We test the generator regularly and were sure it would kick in. Trying to switch it over by hand produced an error, as the generator could sense there was power coming from the grid. Meanwhile, to extend UPS runtime only essential services were left running. All non-essential servers were powered down. However, the server room air-conditioning is not powered by UPS. This was a conscious design decision as it should be powered by the generator during an outage, and would not need ‘always-on’ power, unlike server hardware. The time it takes for the air-con to restart once the generator kicks in would not noticeably affect the overall temperature in the server room. But without air-con we knew we would eventually hit a temperature at which the servers could not run. We ended up opening all available windows and doors to give us some more time.
During the outage we were able to offer all of our online services without interruption. We were monitoring the remaining UPS runtime and room temperature constantly. Every half hour we discussed whether we should move our services so that they were running from our backup datacentre, though power returned before this was necessary.
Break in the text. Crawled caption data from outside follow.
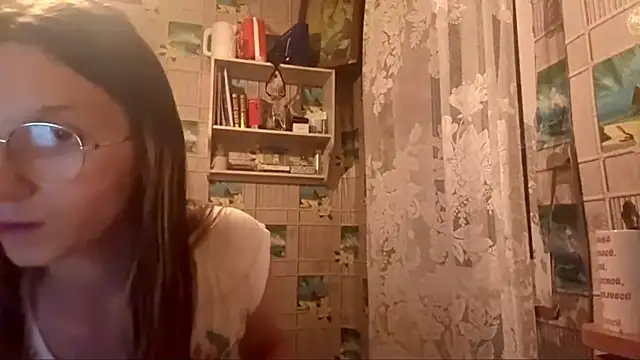Snapshot of SparkleJebb chatting on July 1, 2026, 7:03 pm SparkleJebb online show from July 1, 2026, 7:03 pm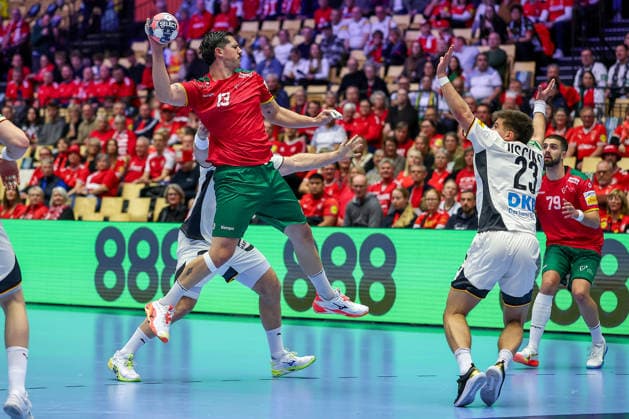 22.01.2026, Handball, Men s EHF EURO 2026, Deutschland - Portugal, Jyske Bank Boxen in Herning, Dänemark, Main Round: Rocha Nogueira (Portugal 13) im Zweikampf gegen Johannes Golla (Germany 04) Renars Uscins (Germany 23) Dänemark
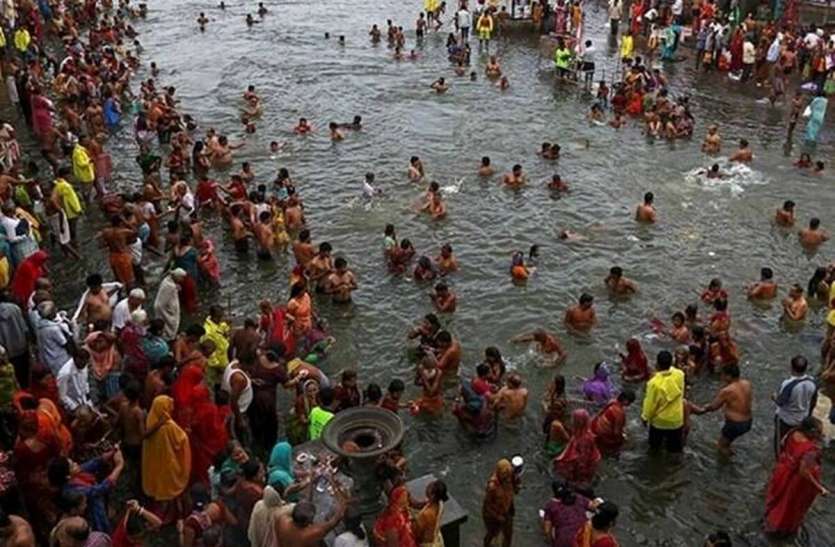 haridwar Kumbh Mela हरिद्वार कुंभ में जाना है तो करना होगा ये जरूरी काम, मुख्यमंत्री रावत के फैसले को कोर्ट ने बताया गलत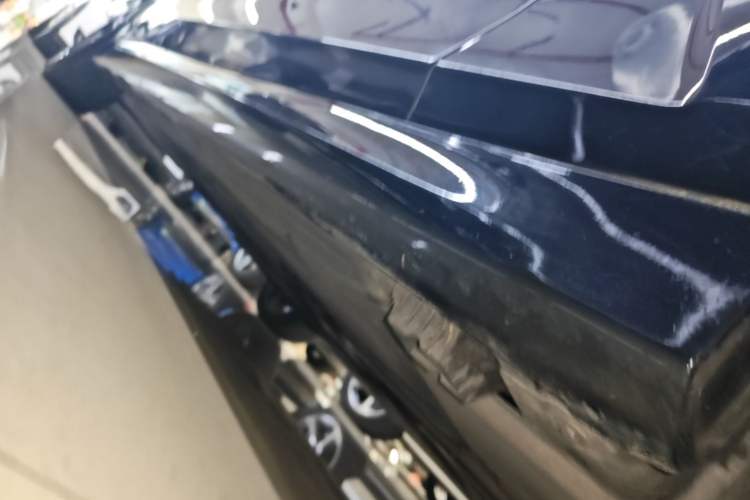 Used BMW 3 Series 2020 320Li M Sport Package Right Side Sill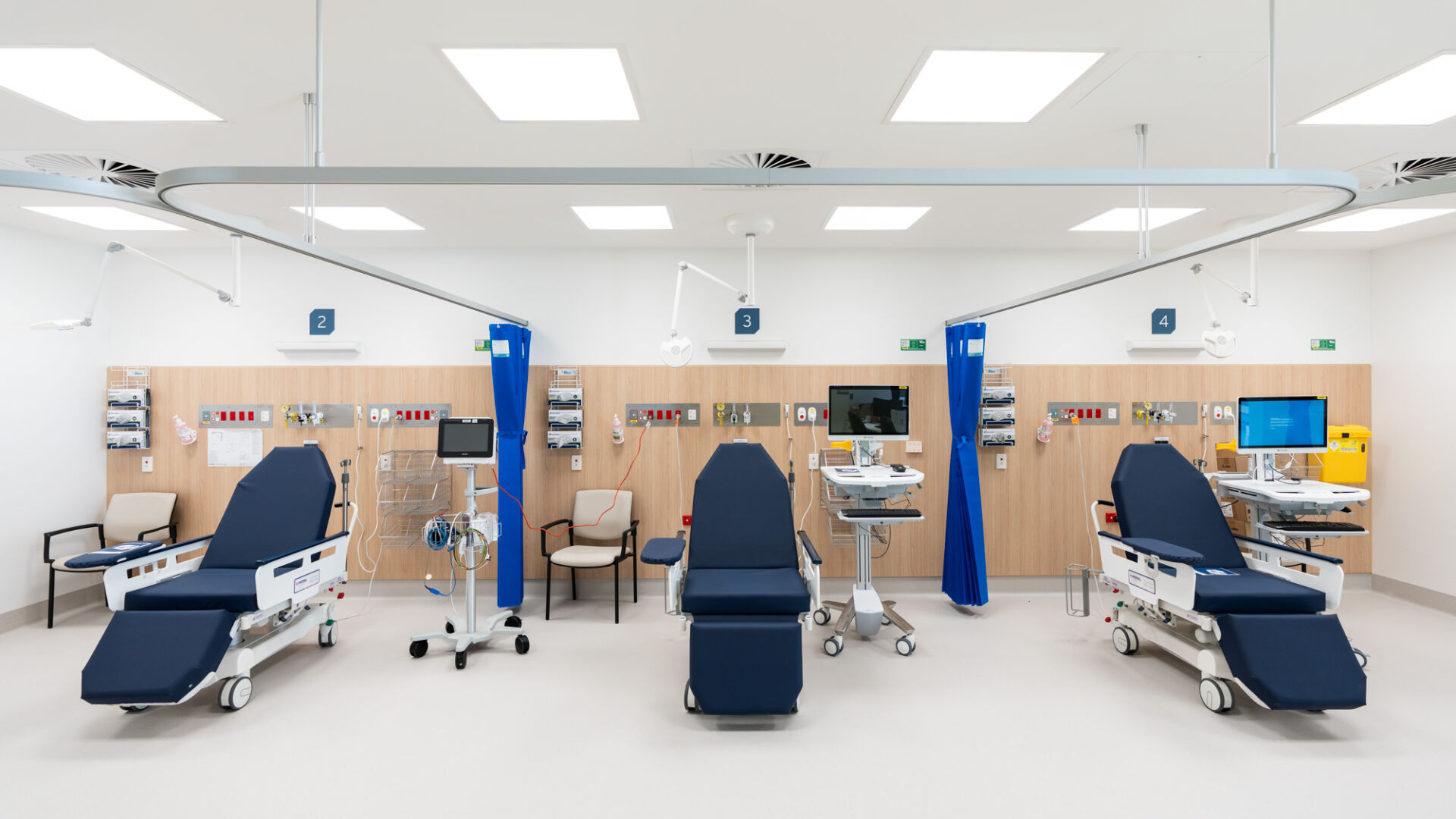 7 Top Features Of Bariatric Chairs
Whilst services continued we did have some issues around communications. One problem area was our phone system. Desktop handsets were not receiving power, even though our VoIP server was running, so no calls were getting through. It did take some time to put up an auto-response message, and we have now changed the system configuration so that this is much easier to do.
We put a notice up on the website to notify anyone trying to contact us that we were having power related problems. This notice stated that the problems were due to a ‘power outage in the Oxford area’. This was not true. The original problem had been widespread, but the issues we were seeing were local to our building. At first we in the technical department thought that this was deliberate obfuscation to absolve Nominet of responsibility for the problems we were seeing. I now believe this was an honest mistake caused by miscommunication during a stressful time. But I do think that as a principle we should be honest about what caused our localised problems. The event post mortem highlighted that we needed a better structure for internal communication during emergencies.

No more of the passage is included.